2. Obok kładziemy jedną ugotowaną marchewkę.
3. Na środek kładziemy ugotowaną fasolę mung.
4. Z boku nakładamy ugotowane na miękko ziemniaki.
5. Zaczynamy robić kotleciki:
6. Drobno pokrojoną cebulkę, drobno pokrojone ugotowane grzyby oraz jeden wyciśnięty ząbek czosnku dokładnie mieszamy.
7. Dodajemy do tego pokrojone, ugotowane kotlety sojowe.
8. Ugotowaną kaszę (bez wody!-musi być sucha(gotujemy z solą i jedną tabl słodzika) dodajemy do miski.
9. Dodajemy jedną łyżeczkę skrobi.
10. Dodajemy pół żółtka i całe białko.
11. Solimy, pieprzymy i dodajemy czosnku(w proszku).

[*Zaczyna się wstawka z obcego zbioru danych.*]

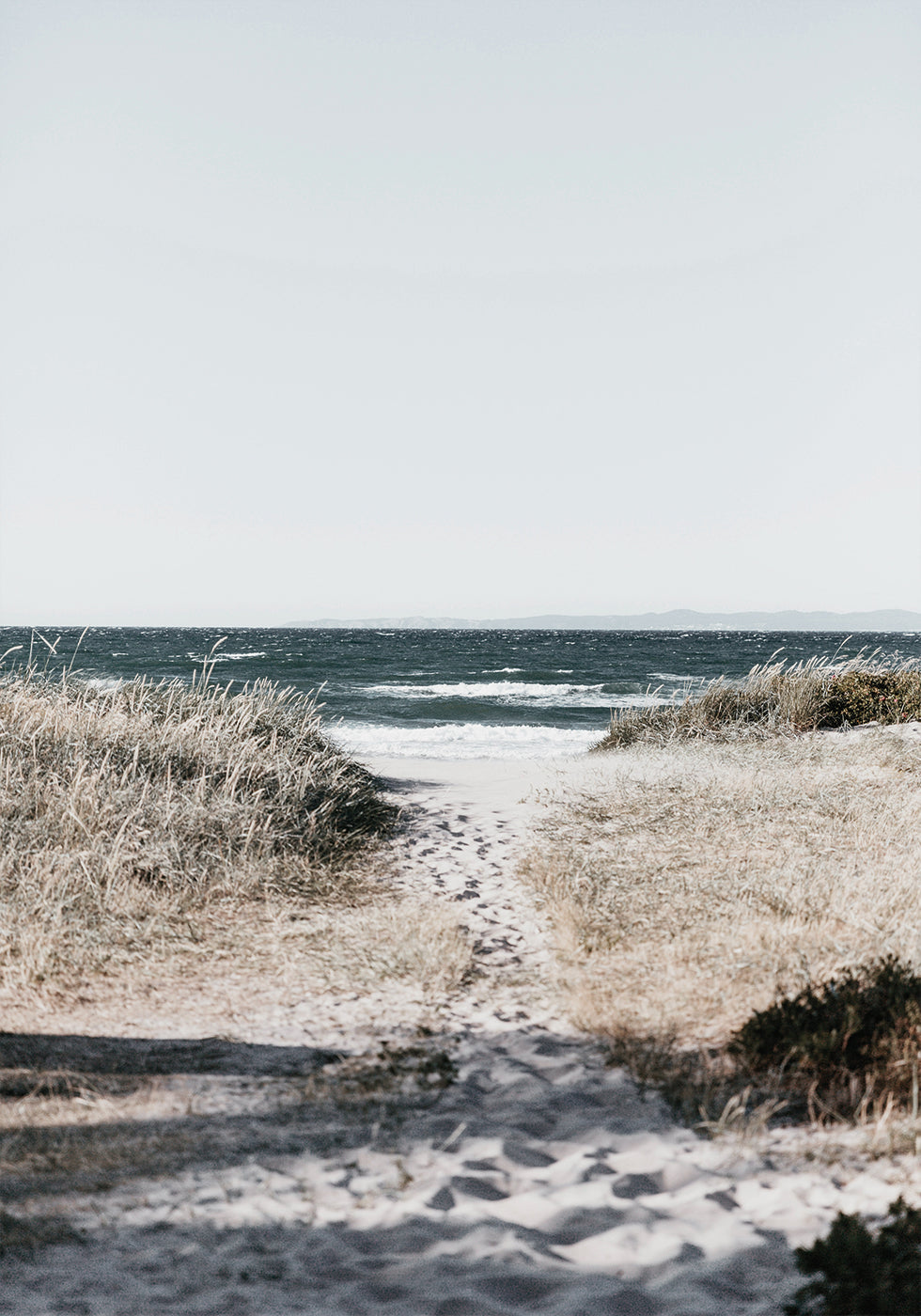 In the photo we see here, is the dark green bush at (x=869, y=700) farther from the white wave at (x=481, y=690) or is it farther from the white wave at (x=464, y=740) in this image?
the white wave at (x=481, y=690)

Dokładnie wszystko blenderujemy. (na w miarę gładką masę)
12. Odstawiamy na chwilkę by masa zgęstniała.
13. Formujemy kotleciki.
14. Obtaczamy je sezamem.
15. Smażymy z obu stron przez kilkanaście minut, pilnując by się nie przypaliły.
(na suchym teflonie lub teflonie posmarowanym olejem 100% z sezamu)
Z podanych składników wychodzą dwie sugerowane porcje.
(w tym 4 kotlety wielkości tradycyjnych mielonych)
PRZYZNAJĘ, ŻE TO NAJSMACZNIEJSZY OBIAD JAKI
KIEDYKOLWIEK JADŁAM BĘDĄC NA DIECIE.